_Work instruction_:
Everything below from the line with "Hi everyone, today" through the line with "Or you can select" must be retyped exactly, except the pictures.

_Input data_:
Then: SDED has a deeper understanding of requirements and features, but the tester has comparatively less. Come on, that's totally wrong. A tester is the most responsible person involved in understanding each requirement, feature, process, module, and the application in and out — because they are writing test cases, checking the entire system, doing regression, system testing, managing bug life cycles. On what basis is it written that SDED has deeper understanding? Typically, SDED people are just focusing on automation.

--

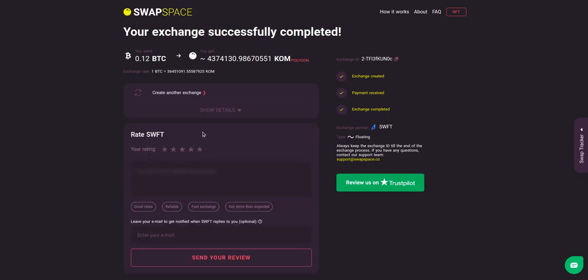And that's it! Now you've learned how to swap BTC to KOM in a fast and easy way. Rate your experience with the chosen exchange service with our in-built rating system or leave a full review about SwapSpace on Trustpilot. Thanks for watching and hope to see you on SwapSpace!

...

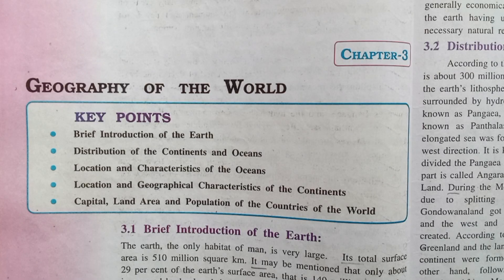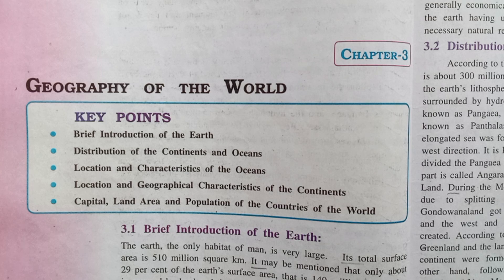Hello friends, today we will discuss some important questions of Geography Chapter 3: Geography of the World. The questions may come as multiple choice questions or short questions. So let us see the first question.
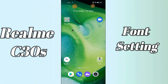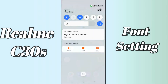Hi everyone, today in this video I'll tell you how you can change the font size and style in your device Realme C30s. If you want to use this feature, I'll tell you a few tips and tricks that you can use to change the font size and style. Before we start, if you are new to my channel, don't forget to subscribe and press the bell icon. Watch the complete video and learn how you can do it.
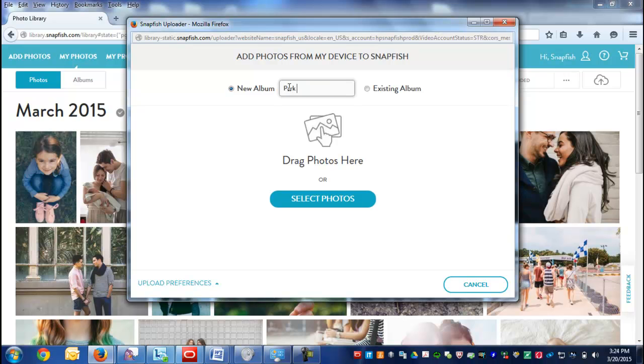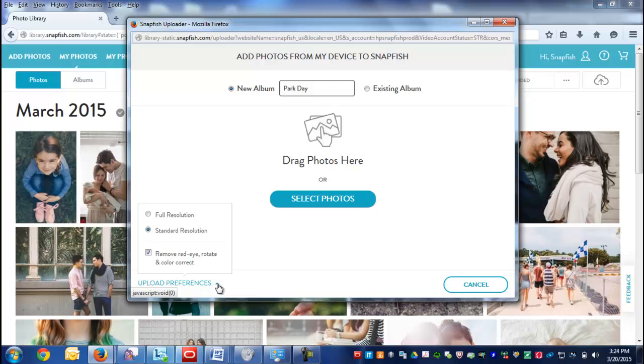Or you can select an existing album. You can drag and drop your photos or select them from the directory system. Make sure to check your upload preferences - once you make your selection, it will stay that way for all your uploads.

_Response to the exercise_:
Hi everyone, today in this video I'll tell you how you can change the font size and style in your device Realme C30s. If you want to use this feature, I'll tell you a few tips and tricks that you can use to change the font size and style. Before we start, if you are new to my channel, don't forget to subscribe and press the bell icon. Watch the complete video and learn how you can do it.
Or you can select an existing album. You can drag and drop your photos or select them from the directory system. Make sure to check your upload preferences - once you make your selection, it will stay that way for all your uploads.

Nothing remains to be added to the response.